PROVIDED DATA:
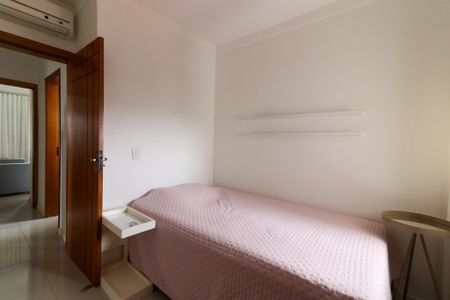 Apartamento à venda com 136m², 4 quartos e 2 vagasQuarto 4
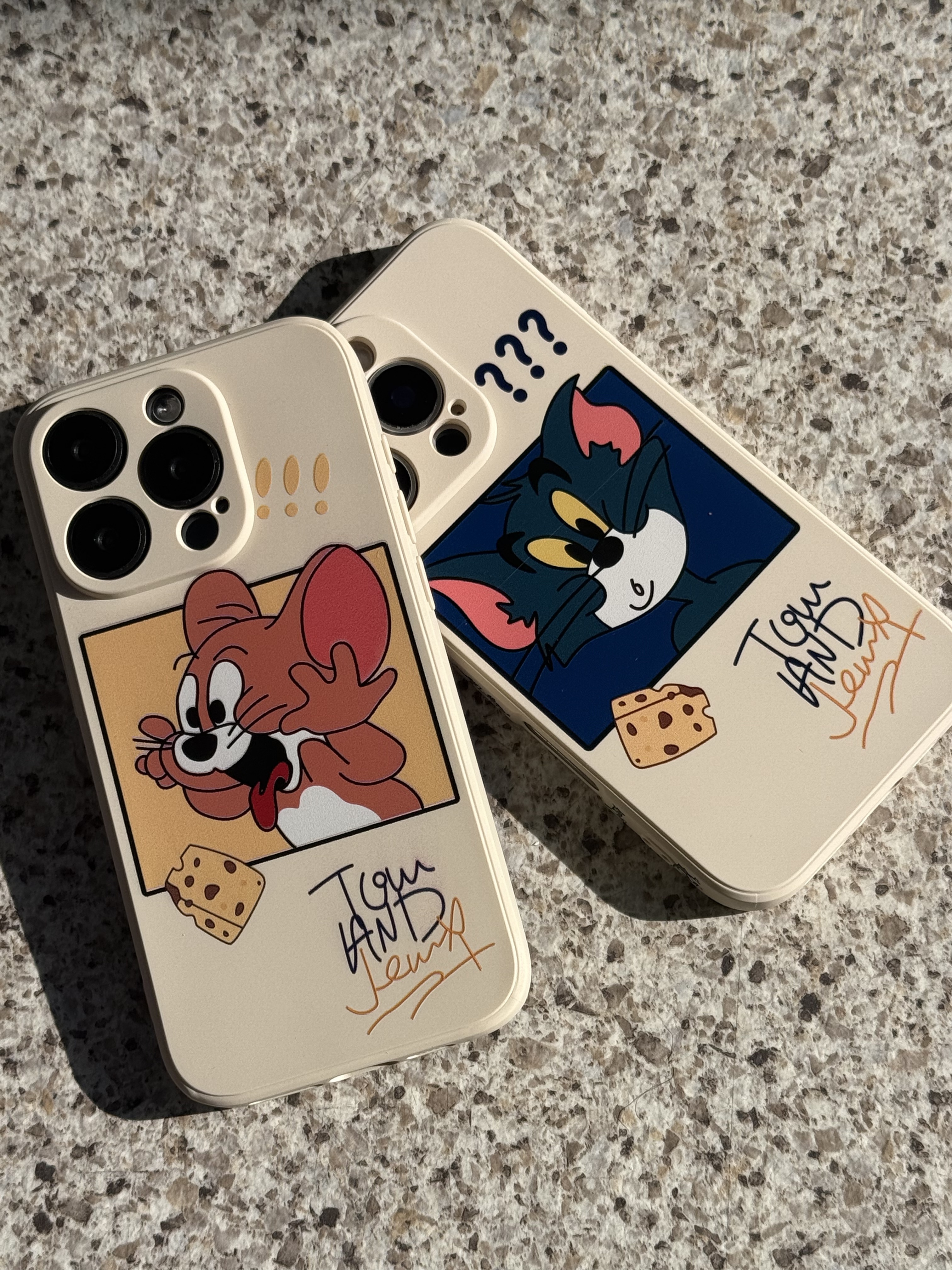 아이폰SE3케이스 1+1 커플 캐릭터 케이스 톰과제리 액자제리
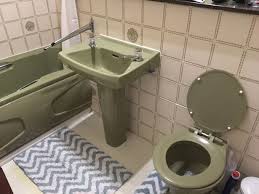 Up till the meltdown i always had the impression that they were more stable than your average superficial hollywood couple even knowing who they are. Designer Laurence Llewelyn Bowen Reveals Britain S Ugliest Bathroom Mirror Online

TASK: Since the listing holds pictures, return everything else in it exactly and omit those.

OUTPUT BELOW:
 Apartamento à venda com 136m², 4 quartos e 2 vagasQuarto 4
 아이폰SE3케이스 1+1 커플 캐릭터 케이스 톰과제리 액자제리
 Up till the meltdown i always had the impression that they were more stable than your average superficial hollywood couple even knowing who they are. Designer Laurence Llewelyn Bowen Reveals Britain S Ugliest Bathroom Mirror Online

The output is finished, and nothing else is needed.